WHAT TO DO: All lines from the one with "MDMA Балаково" to the end of the entries below must be written out exactly. Leave out any other line.

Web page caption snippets

*-*-*

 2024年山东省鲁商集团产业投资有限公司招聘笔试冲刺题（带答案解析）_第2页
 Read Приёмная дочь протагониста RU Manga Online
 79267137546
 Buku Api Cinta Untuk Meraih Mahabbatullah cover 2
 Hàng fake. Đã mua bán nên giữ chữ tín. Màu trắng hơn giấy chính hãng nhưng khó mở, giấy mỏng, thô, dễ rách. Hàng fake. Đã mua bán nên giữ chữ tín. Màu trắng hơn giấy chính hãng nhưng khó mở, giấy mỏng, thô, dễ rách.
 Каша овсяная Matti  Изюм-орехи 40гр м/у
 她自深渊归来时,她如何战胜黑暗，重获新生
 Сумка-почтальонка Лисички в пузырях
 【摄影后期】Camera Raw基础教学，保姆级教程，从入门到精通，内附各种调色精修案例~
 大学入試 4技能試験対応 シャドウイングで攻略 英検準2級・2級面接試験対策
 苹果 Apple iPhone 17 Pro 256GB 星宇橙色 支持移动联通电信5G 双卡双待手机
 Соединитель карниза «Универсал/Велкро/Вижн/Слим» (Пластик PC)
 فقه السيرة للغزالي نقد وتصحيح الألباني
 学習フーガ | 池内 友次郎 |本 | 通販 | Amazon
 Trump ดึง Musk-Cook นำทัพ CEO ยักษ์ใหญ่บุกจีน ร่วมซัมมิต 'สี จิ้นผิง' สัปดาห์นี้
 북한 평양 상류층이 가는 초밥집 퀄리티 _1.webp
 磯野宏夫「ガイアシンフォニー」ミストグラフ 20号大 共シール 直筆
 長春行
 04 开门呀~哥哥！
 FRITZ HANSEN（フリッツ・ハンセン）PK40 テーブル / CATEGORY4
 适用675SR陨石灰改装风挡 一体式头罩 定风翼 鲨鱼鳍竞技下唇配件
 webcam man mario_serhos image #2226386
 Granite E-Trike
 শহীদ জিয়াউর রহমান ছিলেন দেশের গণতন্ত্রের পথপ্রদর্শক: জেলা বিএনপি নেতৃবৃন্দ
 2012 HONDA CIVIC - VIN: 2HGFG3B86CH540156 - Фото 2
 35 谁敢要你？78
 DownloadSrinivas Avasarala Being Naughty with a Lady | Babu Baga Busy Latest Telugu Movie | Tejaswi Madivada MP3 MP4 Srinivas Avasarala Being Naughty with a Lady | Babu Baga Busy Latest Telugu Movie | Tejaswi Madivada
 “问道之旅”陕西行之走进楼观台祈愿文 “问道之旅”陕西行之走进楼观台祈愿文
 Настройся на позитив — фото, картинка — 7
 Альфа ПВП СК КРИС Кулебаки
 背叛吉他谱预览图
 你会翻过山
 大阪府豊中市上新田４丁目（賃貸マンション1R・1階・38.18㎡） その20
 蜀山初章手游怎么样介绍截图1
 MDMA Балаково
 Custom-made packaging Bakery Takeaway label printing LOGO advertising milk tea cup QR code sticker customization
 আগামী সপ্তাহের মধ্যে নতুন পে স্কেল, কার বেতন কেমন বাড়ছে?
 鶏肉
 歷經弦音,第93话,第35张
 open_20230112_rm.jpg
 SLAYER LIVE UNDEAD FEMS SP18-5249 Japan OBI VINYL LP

*-*-*

EXERCISE ANSWER:
 MDMA Балаково
 Custom-made packaging Bakery Takeaway label printing LOGO advertising milk tea cup QR code sticker customization
 আগামী সপ্তাহের মধ্যে নতুন পে স্কেল, কার বেতন কেমন বাড়ছে?
 鶏肉
 歷經弦音,第93话,第35张
 open_20230112_rm.jpg
 SLAYER LIVE UNDEAD FEMS SP18-5249 Japan OBI VINYL LP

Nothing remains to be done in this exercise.